Петр Великий выступает в преданиях как внимательный и справедливый по отношению к простому народу император. Образ такого Петра складывается из рассказов о том, как он участвовал в процессе производства наравне с рядовыми работниками; как приближал к себе самых талантливых рабочих; как урезал барские вольности и т. п. С образами приближенных Петром I людей связан художественный взгляд народа на личность «первого» Демидова – основателя многих заводов на Урале: «Демидов здешними заводами управлял.

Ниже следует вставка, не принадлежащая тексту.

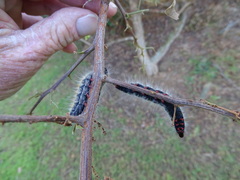Bombycomorpha bifascia bifascia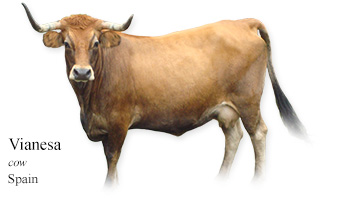 Vianesa -cow- Spain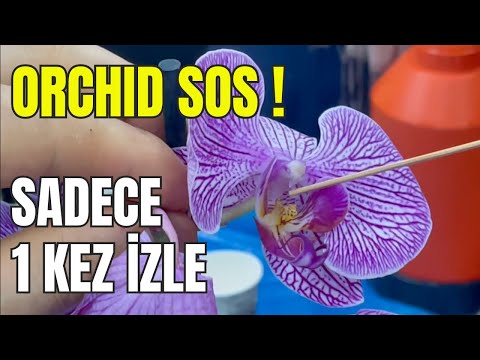 Sadece 1 Kez İzle, Orkide Uzmanı Ol ! (Ziraat Mühendisinden UygulamalıTüm Bilgiler ) #orkidebakımı
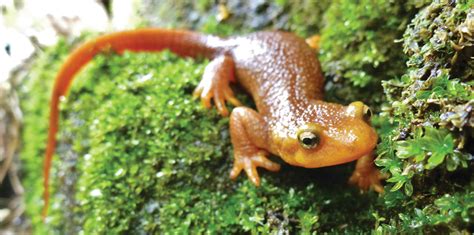 Why We Should Save the Newts - Marin Magazine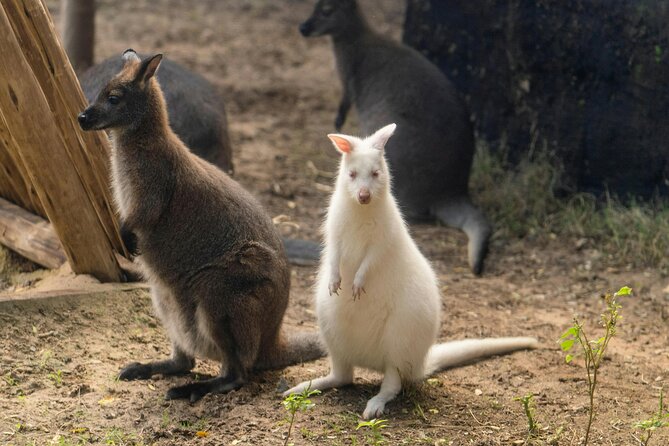 Blue Mountains Day Tour : Featherdale & Bush walk (15 ppl LUX) - Key highlights worth knowing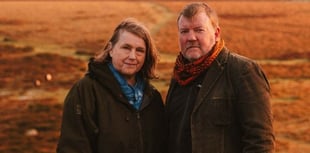 Are the tors of Dartmoor alive? New exhibition asks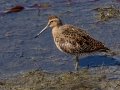 Short-billed Dowitcher Short-billed Dowitcher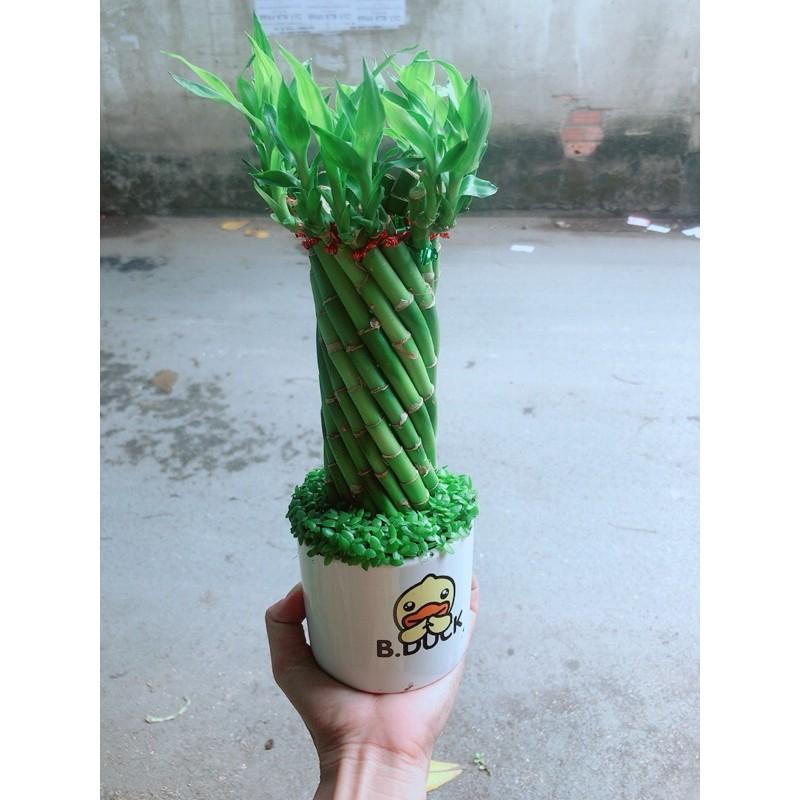 Chậu Trúc Phát Tài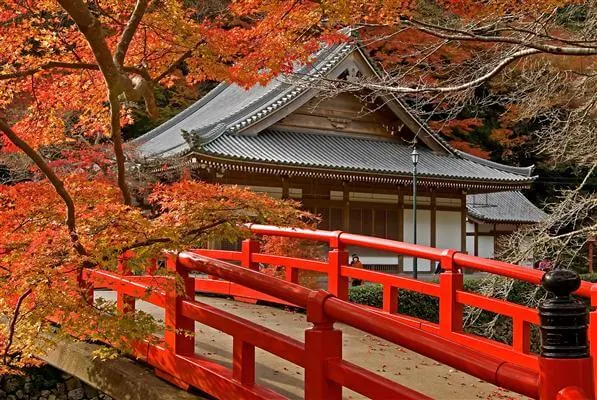 Tempel im Herbst - Japan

Очень любил, по рассказам старых, честность, справедливый был» (АКДРЛФ УрГУ; зап. О. Макеевой в 1979 году в г. Нязепетровске Челябинской обл. от А. И. Астахова, 1911 г.р.).
В повествованиях о Демидове отразились взгляды людей на возможность существования «доброго» барина, который справедливо управлял своими подчиненными и даже «заступался» за напрасно обиженных. Во многих преданиях говорится о личном участии Петра I в судьбе Демидова, этим как бы подчеркивался факт передачи царем части своих функций талантливому человеку из народа. Почти во всех преданиях говорится о близости и даже дружеских отношениях между Петром I и «первым» Демидовым, которые реализуются через мотив царского пожалования: «Демидов с царем хорошо жили. А почему Никитка царю понравился? Именины у царя были, ну и Никитка подарил царю первый пистолет. И полюбился он царю, и наградил его царь землями и разрешил ему взять наделы» [Фольклор Урала 1949: 57].
В образах «народного заступника» и «царя-избавителя» раскрывается народный идеал исторической личности, проявляются социальные и этические воззрения простых людей. Совокупность реализуемых в текстах преданий устойчивых мотивов, связанных с реализацией концепта «Справедливость» и близких к нему концептов «Добро», «Милосердие», «Любовь», отражает, с одной стороны, процесс непрерывного духовного поиска русского народа, а с другой – стабильность традиционного мировоззрения, сохранение вечных, нетленных, передаваемых из поколения в поколение ценностей.
В уральских преданиях возникает стойкий мотив «злого начальника» и непременно сопутствующий ему мотив «тайной силы», причем, последний своей вариативностью обязан особенностям развертывания основного конфликта предания. Многие предания этой разновидности ставят вопросы социально-исторического порядка: откуда зло пошло? Как образовалось крепостное право? Проиллюстрируем эту мысль на некоторых примерах.
Часто в качестве «злодея-душегуба» выступают Демидов, Зотов, упоминаются в народных рассказах и другие местные «зверствующие» самодуры. Например: «Демидов – первый заводчик на Урале, как туда-то пришел – туго пришлось кержакам. Он, чтобы они работали, а не бегали, приковывал их к тачке. Работали по десять часов. А вечером их отковывали. Бунтовали часто… А как сбунтуют жандармов из города» [Фольклор на родине Мамина-Сибиряка 1967: 58].